Chuck Ward, a member of First Baptist Church in Jacksonville, asked God for a way he could lead his family in serving Him. Soon after, Chuck and his 11 year-old daughter Grace walked through their family’s neighborhood.
‘The Harvest is truly plentiful’
The answer to Chuck’s prayer came while he and Grace strolled. They noticed fruit-bearing trees all around them. Some had too much hanging fruit; others had dropped their bounty. The harvest they saw was plentiful, but laborers were few. Similar to the harvest Jesus speaks of at the end of the ninth chapter of Matthew.
Deciding to become “laborers,” Chuck and his wife, Melissa, asked neighbors if their family could harvest unused fruit and donate it to local churches and missions. The Wards received positive responses.
In 2012, they harvested and donated 2,642 pounds of fruit to area missions and church groups. Since January of this year, the Wards have delivered 2,555 pounds of produce.
The family delivers spiritual food in addition to donating physical fruit. They give copies of “Our Daily Bread” and New Testament Bibles to residents at shelters and missions. Last year, the family gave away 55 tracts and 30 New Testaments.
Collection and Distribution
Forgotten Fruit’s area has expanded from Ponte Vedra to Yulee. Their offerings are growing, too. Donors often call the ministry to pick up surplus vegetables and nuts.
The family recently delivered 55 pounds of pecans to the City Rescue Mission in Jacksonville. Excited to receive the nuts, ladies at the shelter shelled them and made cookies, Chuck said.

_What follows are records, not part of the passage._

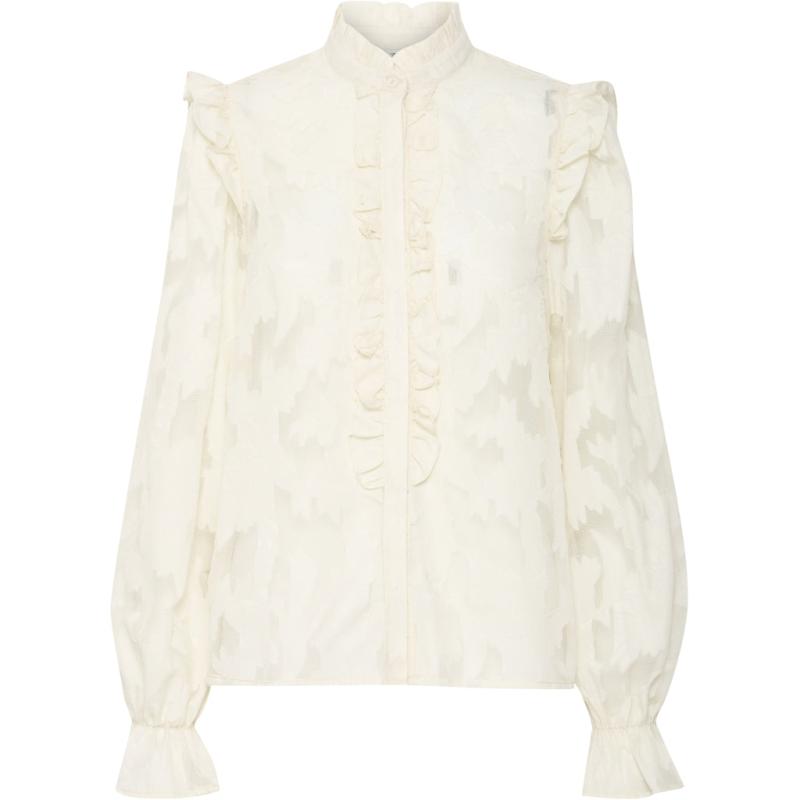 Dame Skjorte Byiflor   Birch fra B.young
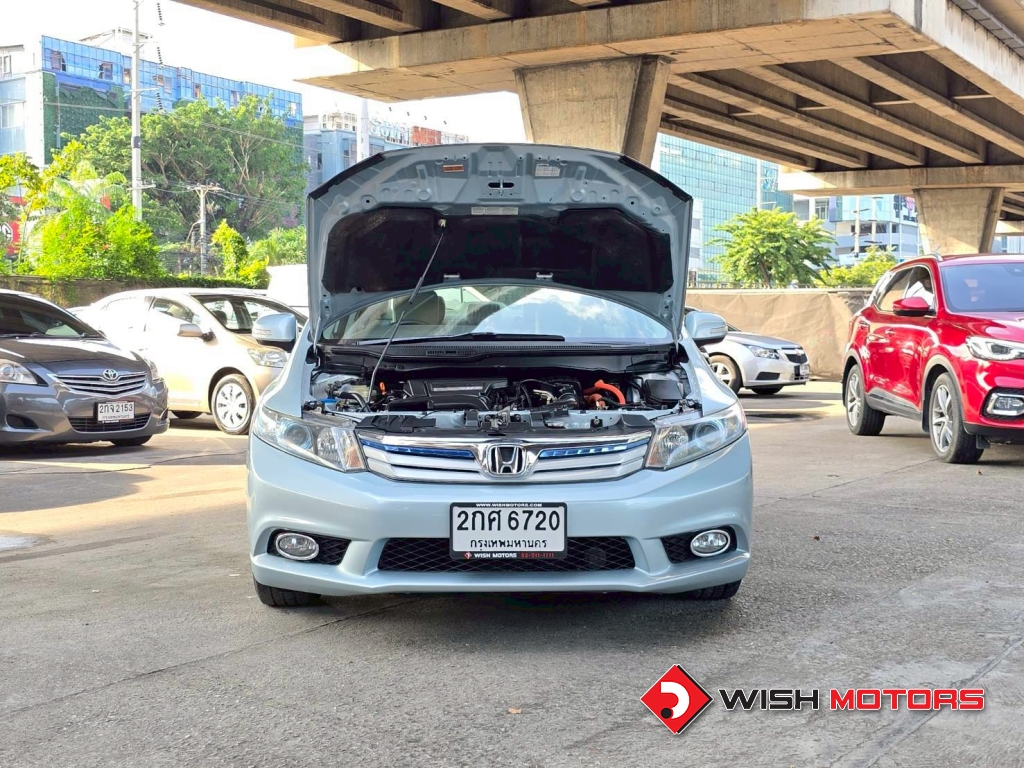 HONDA CIVIC i-VTEC 1.5 HYBRID AT ปี 2013 #16 (L)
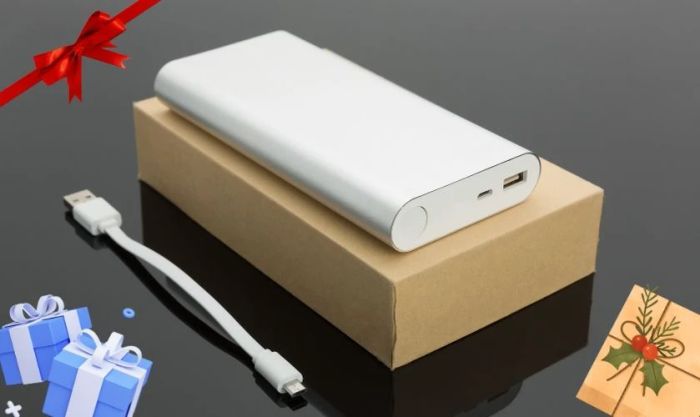 Sạc dự phòng - Món quà 20/10 ấn tượng dành tặng vợ hoặc bạn gái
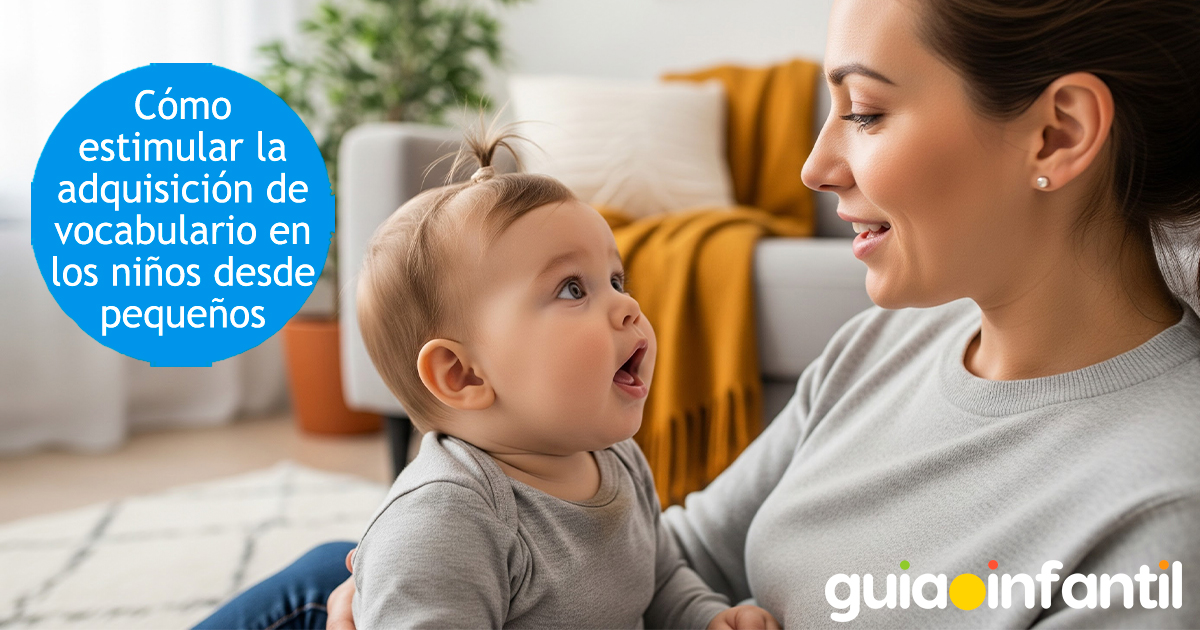 La adquisición de vocabulario en los niños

Over the summer, Forgotten Fruit delivered blueberries and apples to a summer camp run by 2nd Mile Ministries, a Christian community development organization in Jacksonville.
“In the community I work in, it’s difficult to get healthy, fresh produce,” Ruth Arnold, 2nd Mile’s co-founder and executive director, said. “One thing we realize is that some of the health problems we see here partially have to do with lack of access to healthy food.”
Forgotten Fruit’s shipment of blueberries allowed campers who had never eaten blueberries a chance to taste their sweet goodness, she said. “They had fresh blueberries, blueberries with vanilla yogurt, and blueberries in smoothies—lots of different ways to enjoy them.”
Local church involvement
Chuck and Melissa are active members of the ALIVE ministry, led by First Baptist Jacksonville’s executive pastor of Community Life, Trey Brunson.
At Chuck’s suggestion, ALIVE members recently donated socks, toiletries and food items to fill gift bags for the homeless. Meanwhile, Melissa teaches in First Baptist’s middle school department.